BOTSWANA Food Must Try

BOTSWANA Food Must Try

One of the best experiences during travelling is to get to know other cultures, customs and traditions. A good way to start with these experiences is through trying the cuisine of the different countries. Botswana is renown for their rich range of wildlife. But only a minority of people know that the cuisine is exceptionally good and must most certainly be tried. Despite beans and maize, Botswana is also “famous” for the high quality of its local beef. Many tourists only eat the upmarket cuisine at the lodges. So why don’t you go beyond the average traveller and try the traditional dishes of Botswana?

Traditional dish Seswaa…
Botswana’s national dish is called Seswaa and should definitely be tasted when you visit the beautiful country of Botswana. All the local dishes use sorghum or maize as their basis.
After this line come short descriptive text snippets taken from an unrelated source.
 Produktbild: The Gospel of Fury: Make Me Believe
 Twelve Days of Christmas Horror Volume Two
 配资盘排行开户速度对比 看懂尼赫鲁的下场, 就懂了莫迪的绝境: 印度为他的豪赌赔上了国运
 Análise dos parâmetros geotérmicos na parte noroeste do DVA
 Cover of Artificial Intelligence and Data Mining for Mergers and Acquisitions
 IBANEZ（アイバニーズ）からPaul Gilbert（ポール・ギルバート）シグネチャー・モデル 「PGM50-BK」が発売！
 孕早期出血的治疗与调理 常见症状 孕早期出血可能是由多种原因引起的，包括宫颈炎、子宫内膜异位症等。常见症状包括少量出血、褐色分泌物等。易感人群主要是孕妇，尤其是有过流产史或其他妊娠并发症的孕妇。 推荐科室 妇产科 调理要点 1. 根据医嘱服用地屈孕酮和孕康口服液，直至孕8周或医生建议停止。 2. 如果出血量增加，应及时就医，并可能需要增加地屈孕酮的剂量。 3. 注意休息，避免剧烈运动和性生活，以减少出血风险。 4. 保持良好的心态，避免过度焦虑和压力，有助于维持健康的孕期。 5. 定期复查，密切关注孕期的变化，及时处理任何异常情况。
Seswaa is usually prepared by men who find it an honour to cook as meat is its primary ingredient and is a luxury in a poor country. It consists of stewed meat (mostly cow or goat) cooked in a traditional pot, with only salt and water. The meat has to be cooked for two hours before being served with polenta, pap and a leafy green, which is called Morogo. The Morogo is also known as the African spinach and is often used in traditional dishes.
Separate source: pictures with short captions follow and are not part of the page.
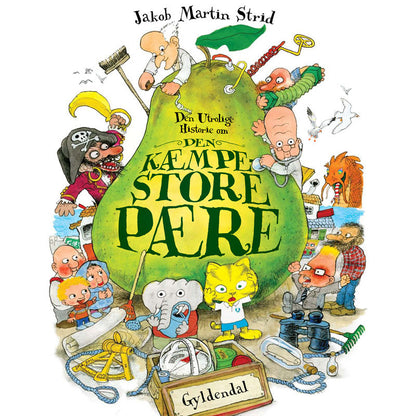 Den utrolige historie om den kæmpestore pære. Børnebøger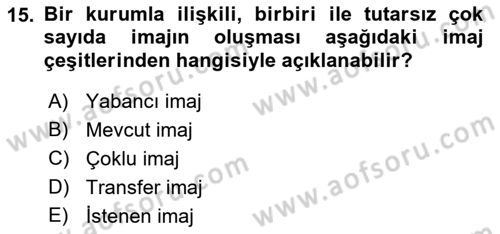 Kurumsal Kimlik Ve İmaj Yönetimi Dersi 2018 - 2019 Yılı 3 Ders Sınav Soruları 15. Soru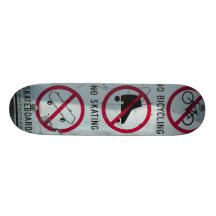 No Skateboarding.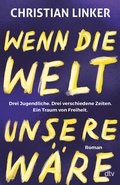Cover: Wenn die Welt unsere w&auml;re - dtv
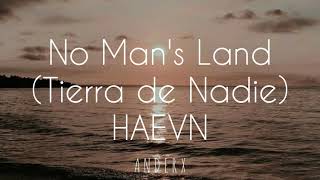 HAEVN - No Man's Land (Sub. Español)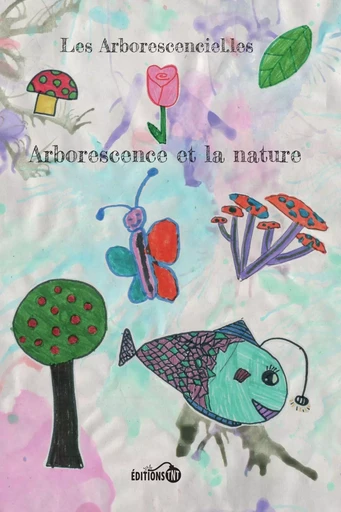 Arborescence et la nature - Arborescenciel.les Collectif - Éditions TNT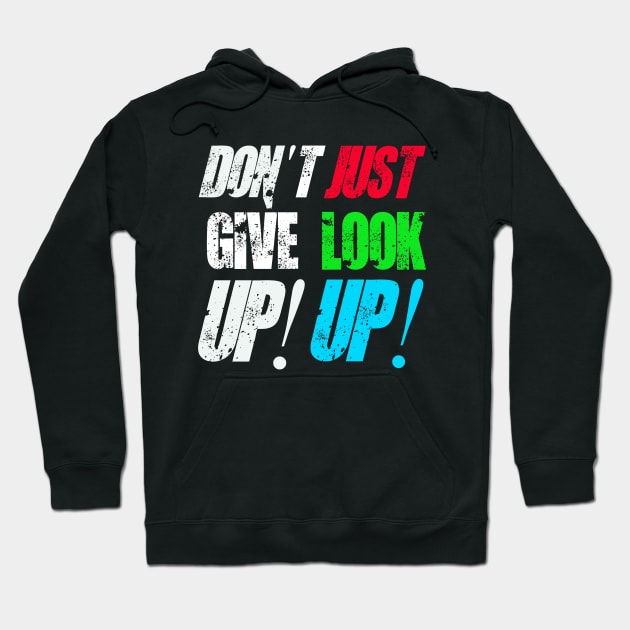 Don't Give Up! Just Look Up! Hoodie by Mishka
Porridge (Bogobe) one dish for every day and every situation…
One dish which the Botswana’s can eat at any time or situation is Porridge, also called Bogobe. It’s made with sorghum, maize or millet flour, which is put in boiled water or milk. Sometimes the sorghum is fermented and when milk and sugar are added its name changes to “Ting”. This dish is often eaten in the mornings with Botswana’s special wild melons. The other version of this Porridge is cooked with water and served with vegetables, meat or dried fish.

I think today I’ll eat Worms…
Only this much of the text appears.